Assault is a serious criminal offence as defined by Section 265 of the Criminal Code of Canada. Assault is considered the application of force, either directly or indirectly, against another person, who has not consented to the force. The force does not have to cause injury to be considered assault. In addition, the uttering of threats to inflect bodily harm, injury, or death is an assault charge. Those facing assault charges, depending on the actual circumstance of the case, could receive as part of their penalty imprisonment.
The Crown has to review the circumstances surrounding assault criminal offences to determine exactly what charges to bring against the accused. There are two unique types of assaults: domestic assaults and sexual assaults which the Crown defines under the guidelines for assault, but are handled differently because they carry additional penalties if you are found guilty.
Assault Criminal Offences
When someone is charged with non-domestic and non-sexual assault, there are several different types of offences one might be facing, such as:
- Assault with a Weapon: Using a firearm, weapon, replica, or other object used in conjunction with the assault. The weapon could even be a piece of clothing, like if a hoodie was placed tied the victim’s arms to restrain them.

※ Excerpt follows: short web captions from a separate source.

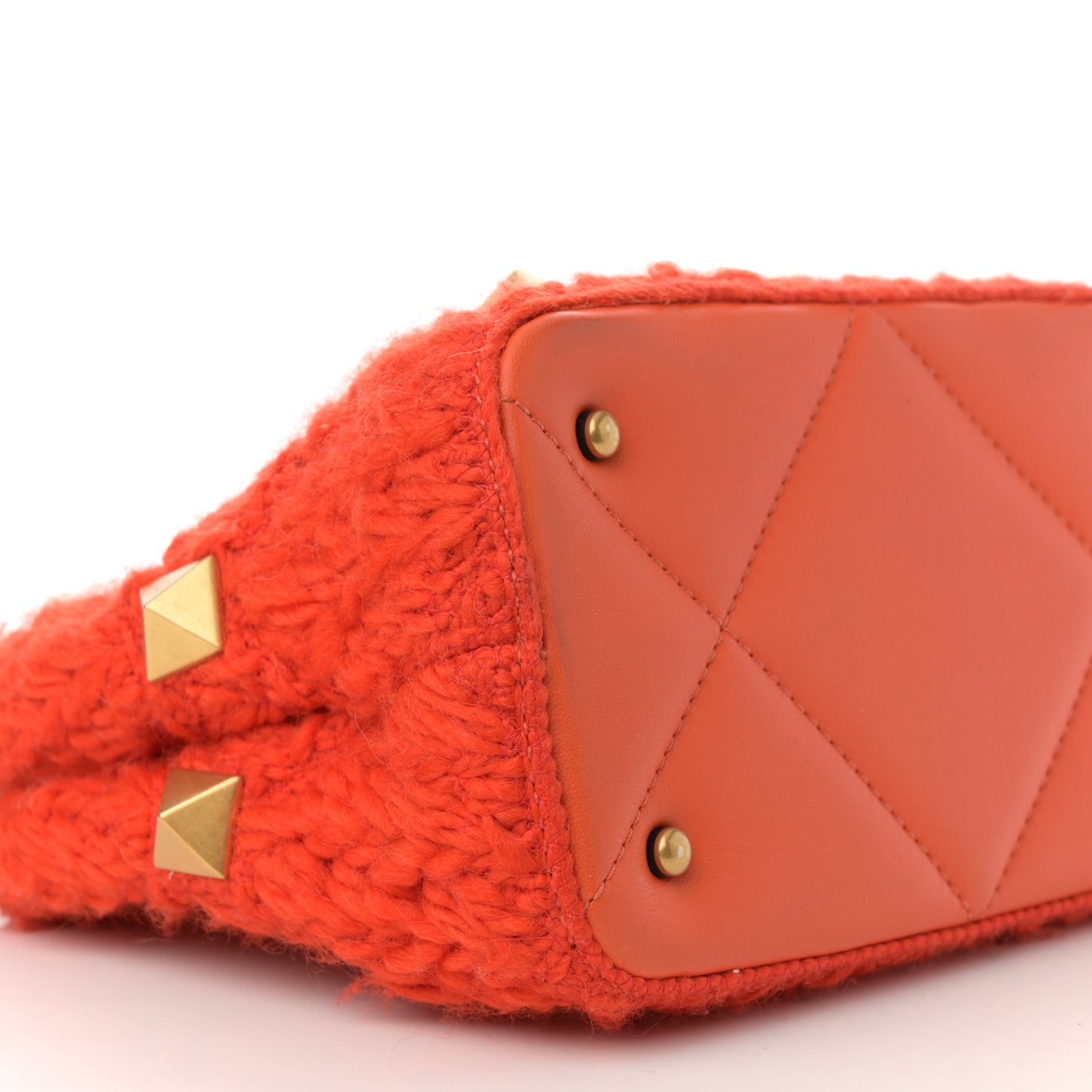 Wool Woven Small Roman Stud The Handle Bag Titian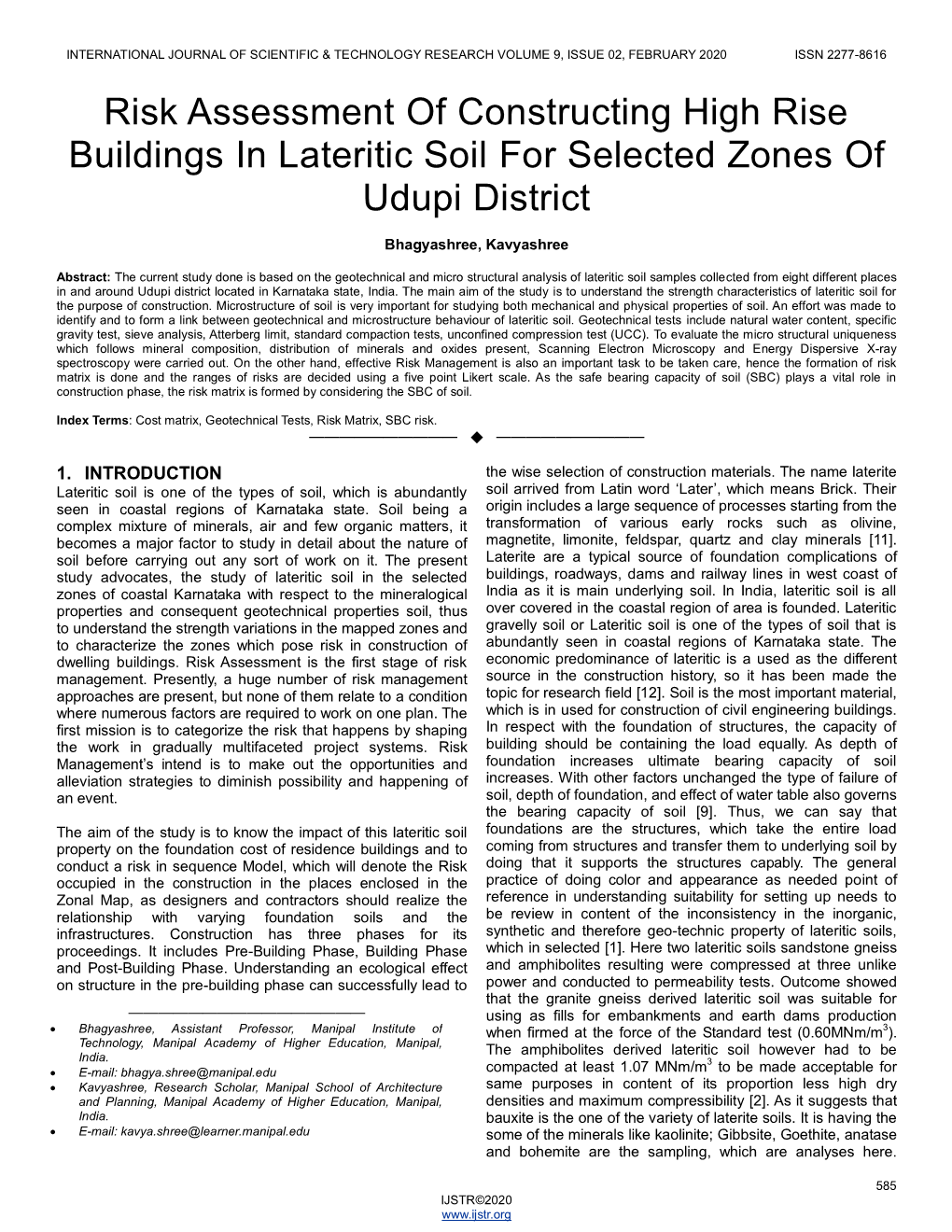 Risk Assessment of Constructing High Rise Buildings in Lateritic Soil for Selected Zones of Udupi District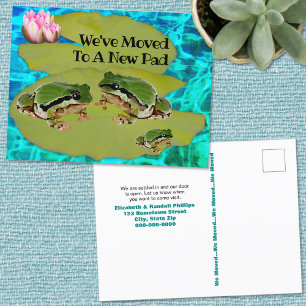 Postal Humorous Frogs Lilies Pad We Moved Announcement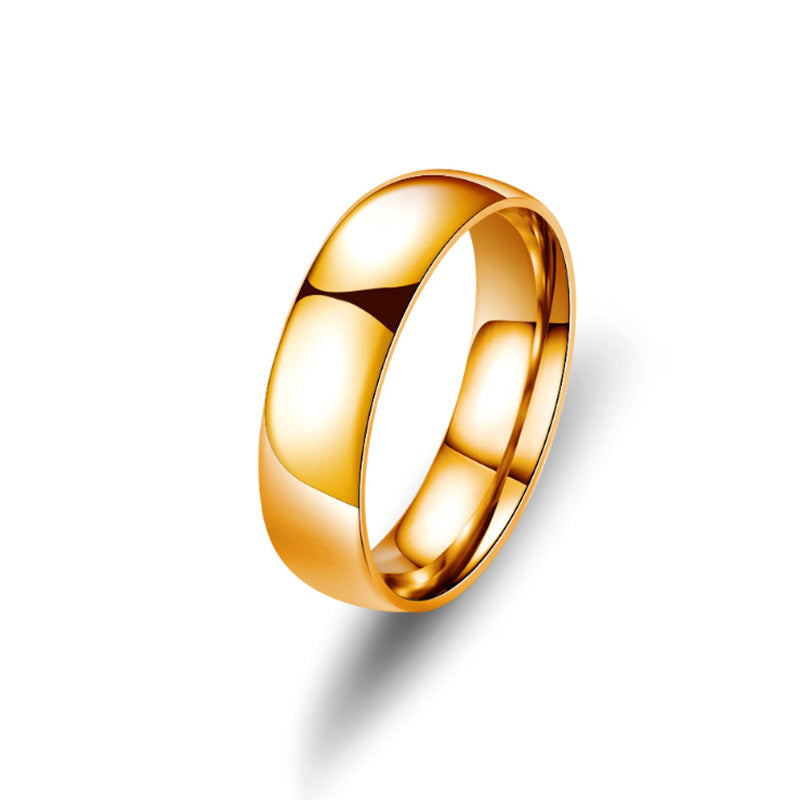 Steel Female Simple Korean Glossy Couple Rings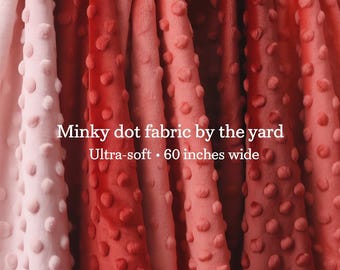 Neue Minky Stoff Masse – 4-Wege-Stretch Polka Dimple Dot in Rot, Koralle, Erdbeerrot, Burgund, Dunkelrot – Ultraweicher Stoff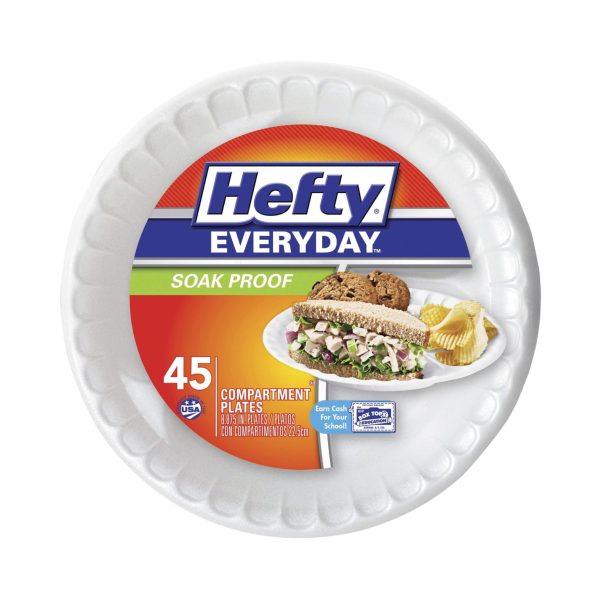 45-Count Hefty Everyday 9  Foam Plates Supply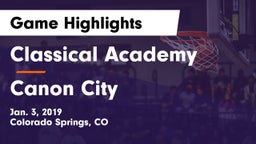 Classical Academy  vs Canon City  Game Highlights - Jan. 3, 2019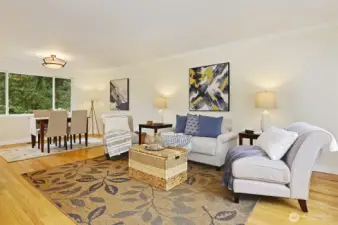 Gracious main floor living space with fireplace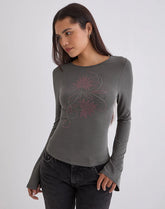 Tiyana Long Sleeve Top in Diamante Flower Dark Grey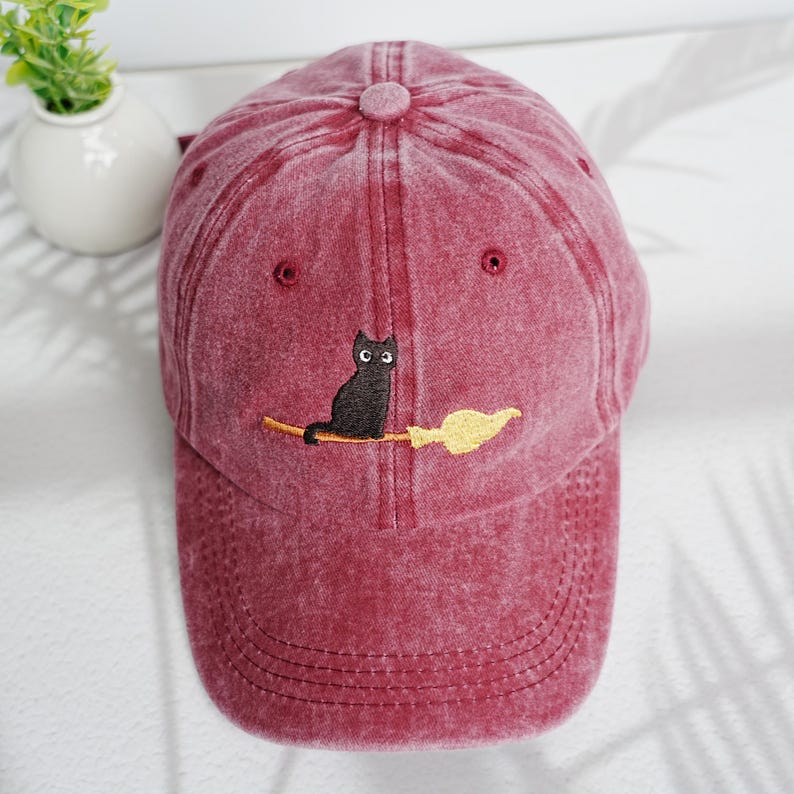 Halloween Black Cat Ride Magic Broom Washed Hat Embroidered Halloween Cap Funny Halloween Washed Cap Silly Halloween Cap Halloween Gifts 1758877910809.jpg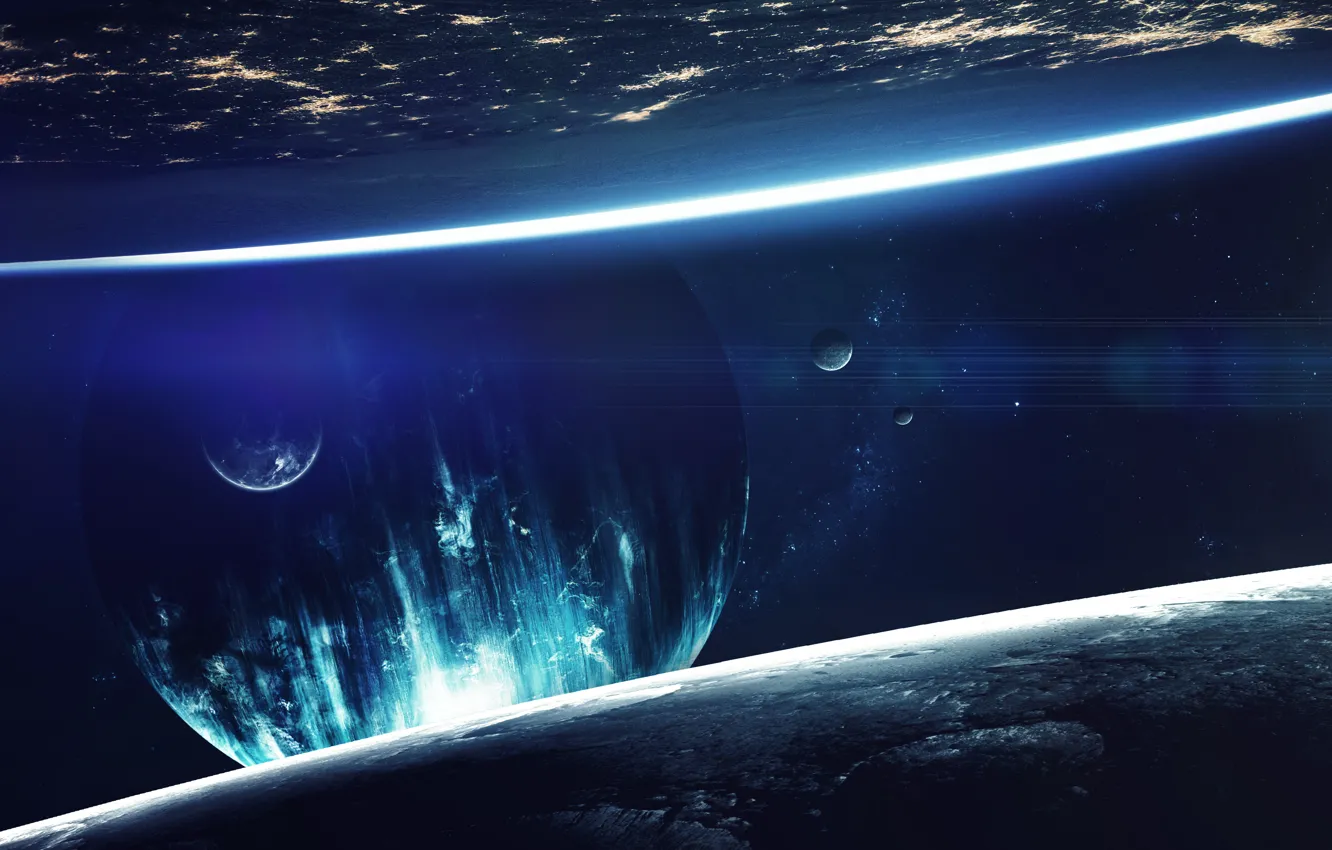 Photo wallpaper fantasy, cosmos, planet, sci fi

- Assault Causing Bodily Harm: Inflicting injury to another during the assault. The injury does not have to be serious and could be as minor as a small bruise or a scratch.
- Aggravated Assault: Inflicting injury to another with the intention to maim, harm, disfigure or kill the victim and is used by the Crown in place of assault causing bodily harm for more serious injuries and in cases where the defendant intended on causing injury to the victim.
- Uttering Threats: Verbally threatening another, their property, or their pets and causing fear in the victim. The Crown can charge someone with both uttering threats and assault, should the defendant follow through on their threats.
Domestic Assault Criminal Offences
Domestic assault criminal offences are identical to those covered under non-domestic and non-sexual assaults. The key difference is the assault is carried out by the defendant against someone they have or had a relationship with at some point. This includes spouses, partners, girlfriends, boyfriends, parents, siblings, children, and other people with a close relationship to the defendant.
It is not unheard where a couple gets into an argument and one person pushes, slaps, or shoves the other and the “victim” files domestic assault charges because of emotional reasons, only to later want to withdraw their complaint. However, once charges have been filed and the Crown formally decides to prosecute the defendant, the complainant is unable to request the charges be dismissed.
Sexual Assault Criminal Offences
Sexual assault criminal offenses also follow the same definitions as non-domestic and non-sexual assaults with one primary difference: The indirect or direct force applied was sexual in nature. Sexual assault does not have to involve the actual act of sex. Touching someone’s body in private areas, or using a part of their body in a sexual manner without their consent is considered sexual assault.
Why Is Consent Vital to Assault Offences?
Consent is the agreement between two people where it is understood the force to be applied, either directly or indirectly by one to the other is mutually acceptable. Consent is not ongoing and can be withdrawn at any time by either person. If there was consent between both people, then there is not necessarily assault. However, if there is no consent, even in cases where one person assumes there is implied consent, they could be charged with criminal assault offence.